Training#
Data selector#
When training models, it is common to try out different
subsets of features or subpopulations. DataSelector
allows you to define
a series of transformations on your data so you can succinctly define a
subsetting pipeline as a series of dictionaries.
- class sklearn_evaluation.training.DataSelector(*steps)#
Subset a pandas.DataFrame by passing a series of steps
- Parameters:
*steps – Steps to apply to the data sequentially (order matters). Each step must be a dictionary with a key “kind” whose value must be one of “column_drop”, “row_drop” or “column_keep”. The rest of the key-value pairs must match the signature for the corresponding Step objects
- transform(df, return_summary: bool = False)#
Apply steps
- Parameters:
df – Data frame to transform
return_summary – If False, the function only returns the output data frame, if True, it also returns a summary table
ColumnDrop#
- class sklearn_evaluation.training.selector.ColumnDrop(names: list = None, prefix: str = None, suffix: str = None, contains: str = None, max_na_prop: float = None)#
Drop columns
- Parameters:
names – List of columns to drop
prefix – Drop columns with this prefix (or list of)
suffix – Drop columns with this suffix (or list of)

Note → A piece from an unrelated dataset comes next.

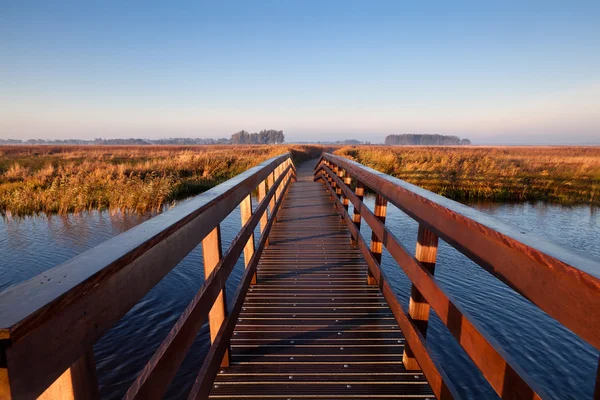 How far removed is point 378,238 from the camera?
3.41 meters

contains – Drop columns if they contains this substring
max_na_prop – Drop columns whose proportion of NAs [0, 1] is larger than this
RowDrop#
- class sklearn_evaluation.training.selector.RowDrop(if_nas: bool = False, query: str = None)#
Drop rows
- Parameters:
if_nas – If True, deletes all rows where there is at leat one NA
query – Drops all rows matching the query (passed via pandas.query)
ColumnKeep#
- class sklearn_evaluation.training.selector.ColumnKeep(names: Optional[list] = None, dotted_path: Optional[str] = None)#
Subset columns
- Parameters:
names – List of columns to keep